Très beau livre dans lequel la petite histoire est au service de la grande, où le douloureux parcours d'un père et de son fils et leur unité vont rayonner sur leur entourage, avec une profondeur et une délicatesse d'écriture qui rendent ce roman lumineux et riche d'humanité. On tourne la dernière page à regret, en attendant avec impatience de retrouver Abraham et Franz puisqu'une suite est prévue....
Une phrase
- "Je vous vois hésiter devant cette maison-ci, et ça ne m'étonne pas. Ses murs et ses histoires ne payent pas de mine, mais si vous prenez le temps d'entrer et le temps d'écouter, je crois que vous ne le regretterez pas."
- Franz, évoquant sa sortie du coma : "Ce jour-là, j'avais à peine 8 ans et je n'avais que lui au monde. J'avais besoin de le croire, alors je l'ai cru. Et je ne l'ai jamais regretté."

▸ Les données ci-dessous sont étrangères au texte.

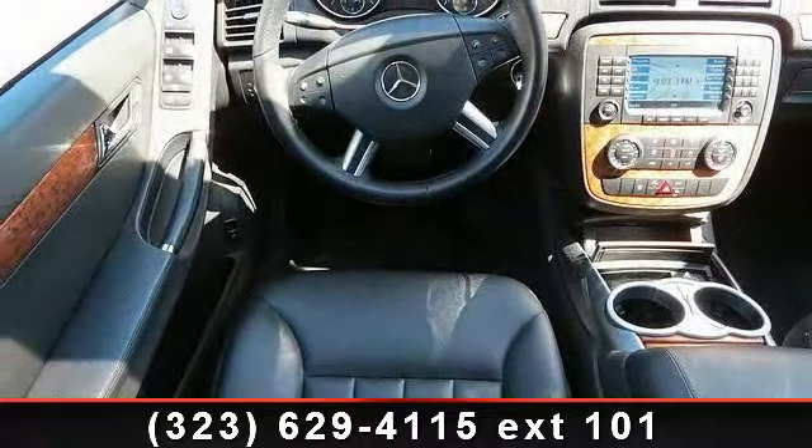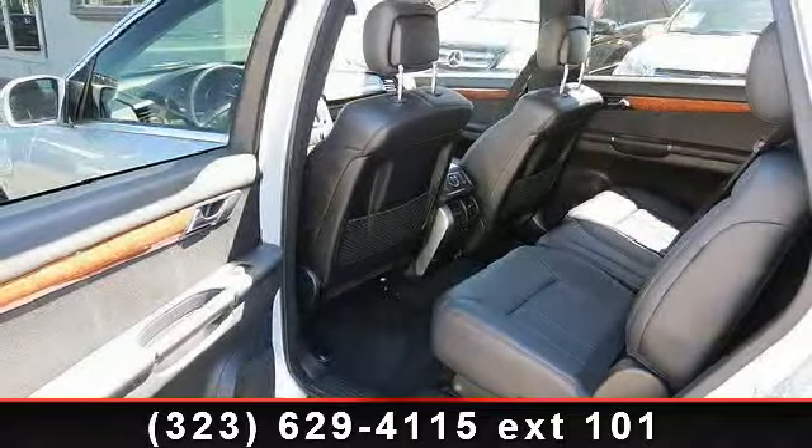Let us put you in the driver's seat today. Call or click to schedule a test drive.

- "Quand il s'était installé à Tilliers, dix-huit mois s'étaient écoulés depuis "l'accident", mais c'était comme s'il avait mis une partie de sa vie en suspens, en sommeil, entre parenthèses, pour se fondre dans ses deux missions de médecin et de père et ne rien vivre, ne rien dire, ne rien penser qui ne relevât pas de ces deux activités-là."
L'auteur
Marc ZAFFRAN, connu sous le pseudonyme de Martin WINCKLER, est né en 1955 à Alger. Médecin, romancier et essayiste, il a écrit de nombreux ouvrages dont "La Maladie de Sachs", prix du Livre Inter en 1998, et "Le Choeur des Femmes", en 2009. Il évoque particulièrement bien la condition de médecin.